We worship Life and creation. We seek joy, and find it. We become long thinkers, planning ahead for our grandchildren's grandchildren. We discover the worth and wonder of everyone we meet.

There is a magic in the woods and it is dangerous. It turns your heart to the earth and for the smallest moment Her true beauty is revealed.


Linda said...

This is a beautiful painting. I wish you much success with your exhibit!

Anonymous said...

I am really disappointed in your "choice, how to become employable"...
It's a "tired" image, overdone, and I've always seen you as someone who is above it. You've spoken about injustice and unfairness and the push to conform so many times, in such eloquent colours and images. For me, the value in your art (aside from its beauty) is that it doesn't shout, but gently whispers subtle messages into my soul - and to me, at least, it's a much more powerful way of making me "see".

Aaron Paquette said...

Well, you can't please all the people all the time.

Personally, I like the painting. I pushed my ideas of colour and composition to a place I don't normally go and as far as that goes, it was a success to me.

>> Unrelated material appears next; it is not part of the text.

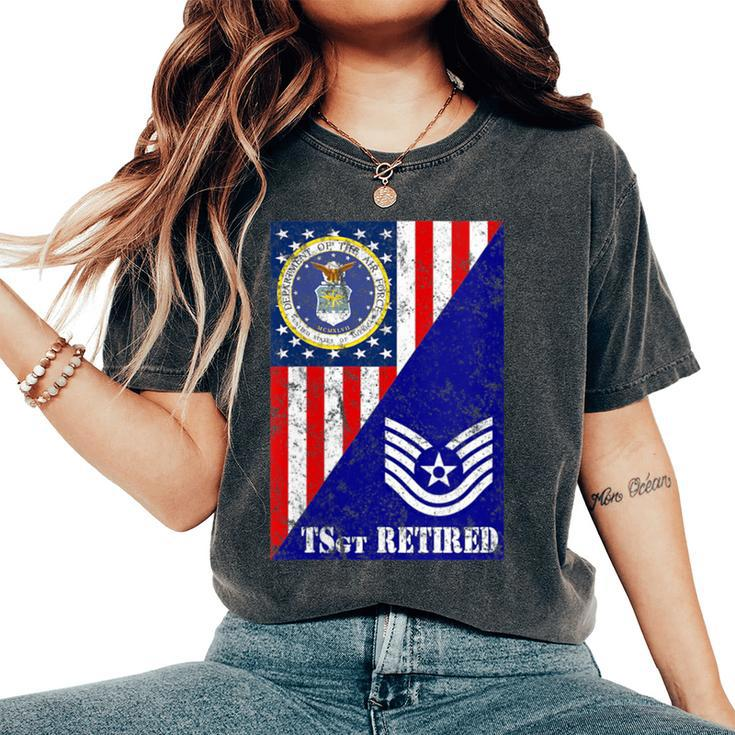 Retired Air Force Technical Sergeant Half Rank & Flag Women's Oversized Comfort T-Shirt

Also, I can see how it can be construed as a sort of sad image, but the motivation behind it was one of joy and a little tongue in cheek. Self-deprecating humour, while not appealing to some, is one facet of my culture and personality.

From a personal point of view, I really did face that choice at one time in my life, and had to cut off my hair in order to get the kind of work that would let me take care of my family. It was a difficult time for me, and I felt I really needed to revisit it and put it in a healthy and (dare I say)happy perspective for myself.

No sermonizing, just a reality that many Natives face.

And in the end, it really is a choice. I could have chosen to keep my braid and found another way. Many men do. There is nothing disempowering about it, but it is an aspect of our society that I found myself thinking about at that particular time.

But I do thank you for your opinion. More food for thought. Grist for the mill, so to speak.

Tav said...

I really like "choice...". First thing I thought of was all my brothers (you, M, and T). I felt the pain and the humour in the painting. Also, I am wondering why "Me" or "anonymous" felt they had to hide their identity? You embrace honesty whether or not you like it. Kind of the meaning of the painting, No?


Aaron Paquette said...

I don't know, I think that on the internet, there is still very good reason to protect one's anonymity. The painting under discussion is quite a personal one, so I don't mind a few questions about it here and there. In fact, the piece seems to encourage it. I'll post it here in a few days so that people can see it for themselves. It's not particularly stunning when viewed online, and I do think much of the careful colour choices get lost in translation, but the gist of it remains.

Anonymous said...

I find it interesting that the only time my use of "Me" as a signature, or my use of the the "anonymous" route was questioned, was when I offered something that can be viewed as a "critique", but not the dozen or so times when I offered praise. So to answer your sister Tavin,
I am not comfortable signing my name anywhere on the Internet, but since I am now aware that on this site it is viewed with such unpleasant suspicion, I promise that after today I will not offend anyone by posting any other notes.

Best of luck, Aaron. You are a wonderful, sensitive, talented man and I've enjoyed our exchanges.

Aaron Paquette said...

I would say that this exchange sums up how two well intentioned and good-hearted people can completely misunderstand and hurt one another.

Tav, I understand that you wanted to stand up for your brother, and "me", I understand why you are hurt.

This site is open for everyone and people are completely free to express their opinions, and shouldn't be afraid to do so. I respect the fact that even my closest friends will sometimes disagree with my point of view, and that is something I embrace! It gives me an opportunity to examine myself and allow my mind to remain open to new thoughts and possibilities.

There is no censure here. I feel this site is an extension of my home, and I welcome and honour any who cross over the threshold to participate, or simply browse through the little offerings.

"Me", if you must leave, then go with all my warmest thoughts and wishes, but I do hope you come by from time to time.